REKLAMA

Uczta dla wron: Cienie śmierci – Recenzja książki. Uważaj, bo rozdziobią cię wrony

Jakub Trojanowski

Opublikowano: 17 lutego 2025

Spis treści

Druga tom Nawałnicy Mieczy nieprzypadkowo nosiła podtytuł Krew i złoto, gdyż jedno i drugie występowało w tej historii w wyjątkowo dużych ilościach. Po wielu zwrotach akcji, które wbiły mnie fotel, nadszedł jednak czas na lizanie ran i walkę o władzę w Siedmiu Królestwach, o czym opowiada czwarta część, czyli Uczta dla wron. Czy znaczy to jednak, że w Cieniach Śmierci nie ma ani trochę ciekawej akcji? Na to pytanie postaram się odpowiedzieć poniżej.
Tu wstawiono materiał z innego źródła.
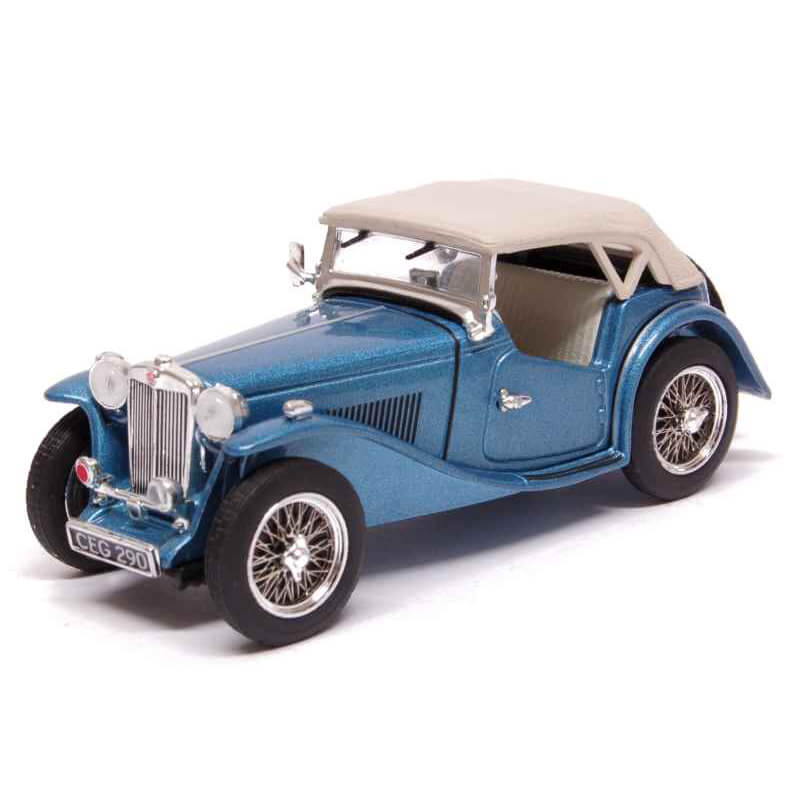 Vitesse 1/43 MG TC (Cllipper Blue)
Uczta dla wron: Cienie śmierci – Recenzja książki. Uważaj, bo rozdziobią cię wrony

Pełno zamieszania przez mityczne możliwości wydawnicze

Oryginalne wydanie Uczty wron ukazało się na rynku w 2005 roku w jednym tomie. Wiele tłumaczeń, w tym i polskie, zostało wydane w dwóch woluminach. W ten o to sposób już w 2006 roku na półkach księgarń pojawiły się Cienie śmierci i Sieć spisków. W ubiegłym roku wydawnictwo Zysk i S-ka uraczyło fanów powrotem do Westeros co kilka miesięcy wypuszczając nowe wydanie kolejnych tomów, zamykając go grudniową premierą Cieni Śmierci. Podobnie jak w przypadku poprzednich tytułów (z wyłączeniem Gry o Tron) wykorzystano przekład Michała Jakuszewskiego, z zawodu lekarza radiologa, który na swoim koncie ma również tłumaczenia dzieł Stevena Eriksona czy Glena Cooka. Z treścią zajmującą zaledwie 480 stron powyższy tom plasuje się jako najkrótsza jak dotąd odsłona.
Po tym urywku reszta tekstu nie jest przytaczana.